Process
First, let’s clarify some definitions:
- A program is a set of computer instructions stored and not currently being executed.
- A process is an instance of a program that is currently being executed and has its own isolated memory address space.
- Task refers to a single unit of computation and is often used interchangeably with “thread”/process in Linux. A task is made of:
- unique program counter called
PID
- two stacks (one in user mode and one in kernel mode)
- a set of processor registers
- if kernel, an optional address space
- unique program counter called
A Task Control Block (TCB), also referred to as a Process Control Block (PCB) is the generic term used in os theory to refer to the data structure that stores all the information about a process. A TCB typically contains the following information:
- Process Identifier (PID): A unique identifier for the process.
- Process State: The current state of the process (e.g., running, waiting, blocked).
- Program Counter: The address of the next instruction to be executed.
- CPU Registers: Includes general-purpose registers, stack pointers, and program counters.
- Memory Management Information: Information about the memory allocated to the process, including base and limit registers or page tables.
- Accounting Information: Includes process execution times, user and kernel mode times, and other performance metrics.
- I/O Status Information: Information about I/O devices allocated to the process, open file descriptors, etc.
- Scheduling Information: Priority of the process, scheduling queue pointers, and other scheduling-related data.

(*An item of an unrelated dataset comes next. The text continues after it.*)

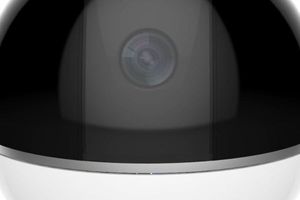 Домашні відеокамери безпеки EZVIZ можуть здійснювати огляд на 360 градусів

- Other Information: Security credentials, pointers to the process’s parent process, signal handling information, etc..
In the context of Linux, the PCB is implemented as the task_struct
:
task_struct attributes |
---|
State {R (Running), I (Interruptible), U (Uninterruptible), D (Disk Sleep)} |
PID (Process ID) |
PPID (Parent Process ID) |
mm (Memory Management) |
fs (Filesystem Context) |
files (Open Files List) |
signal (Signal Handlers) |
thread_struct (Processor Specific Context) |
When a context switch occurs (i.e., the CPU switches from executing one thread to another), the kernel uses the information in the task_struct
to save the state of the current thread and restore the state of the next thread to run.
This is the state machine of a process:
Linux treats all threads as standard processes. Each thread has a unique task_struct
and appears to the kernel as a normal process, threads just happen to share resources, such as address space with other processes.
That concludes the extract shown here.